The façade of the hospital consists of a three-dimensional, loadbearing concrete structure. It combines the first and second floors. The depth of the façade and the infill, which may be wood, glass, fabric or vegetation, varies depending on orientation and the activity inside. Lightweight construction materials have been used consistently throughout the building except for the concrete supports and the circulation cores. In this way, departments can increase or decrease in size: the flat building with its distinctive shape thus ensures the interior flexibility that is so crucial for hospitals.
The top floor with the inpatient rooms is set back and speaks an architectural language of its own. The rooms are staggered and have rooftops with varying inclinations. The individualized, elementary shape of the cottages clearly underscores the singularity of each and every patient.

The Research and Teaching Facility
The rooms of the cylindrical, white building for research and teaching are organized around a central atrium, encouraging exchange and collaboration among researchers. An agora for teaching and study spreads out under this central space and responds directly to the surrounding landscape. Three lecture halls step into the natural slope of the terrain. Daylight streams in from outside, and thanks to movable walls, the lecture halls, lobby and café can be reconfigured into one large space. This creates an agora with a stage in the middle for special events and room for an audience of 670 people. A gallery overhead contains open workplaces for students. Adjoining seminar rooms on the same level complete the spaces available for university teaching.

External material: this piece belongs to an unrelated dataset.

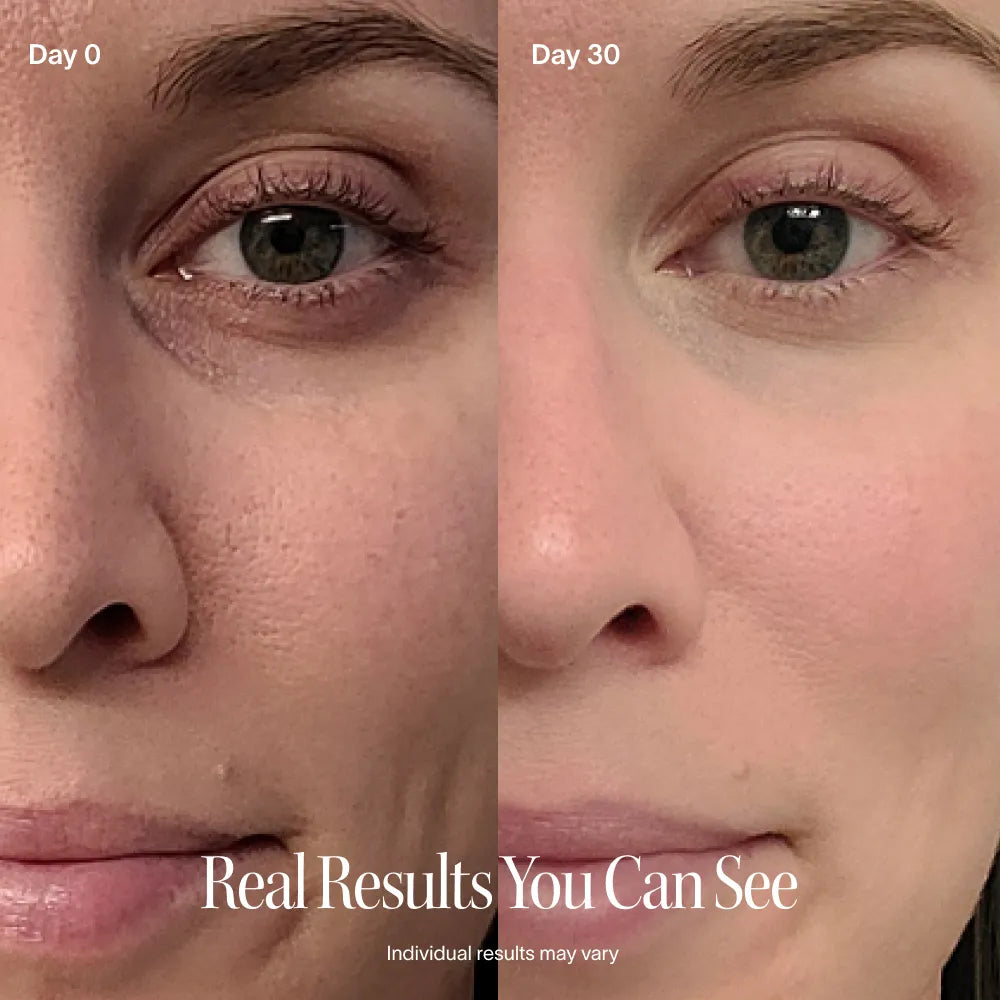 Close-up side-by-side of a womans face on Day 0 vs. Day 30 using the Solawave 4-in-1 Red Light Therapy Wand & Activating Serum Kit. Pores look reduced, skin texture smoother, and complexion improved. Text: Real Results You Can See. Results may vary.|| Rose Gold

Laboratories for research and diagnosis with accompanying offices on the five floors above have an unobstructed view of the surrounding landscape. Open workspaces are arranged around the atrium for the use of doctoral students and laboratory staff. From them, one can see several stories at once as well as the agora below, which is in turn connected to the atrium above through an oculus—a small, round hole in the ceiling.
Embedded in an expensively designed landscape, the research and teaching building is a standalone structure in the midst of a fruit orchard similar to those in many Burghölzli gardens. The building itself speaks an abstract, clearly geometric language and makes use of few materials. Cantilevered balconies with tall railings painted white give the building the appearance of being both weighty and airy at once.
The two facilities of the Children’s Hospital, though different and distinct, are clearly complementary. Situated on the hill, the circular building for research and teaching guides the gaze towards the lake. The elongated, horizontal shape of the acute-care hospital fits into the flat landscape, providing a view of the mounting rage behind it. The hospital focuses on each patient as an individual, and that means not only the healing process but the well-being of relatives and staff as well. The building for research and teaching highlights exchange and collaboration among scientists and students, which is a prerequisite of forward-looking research.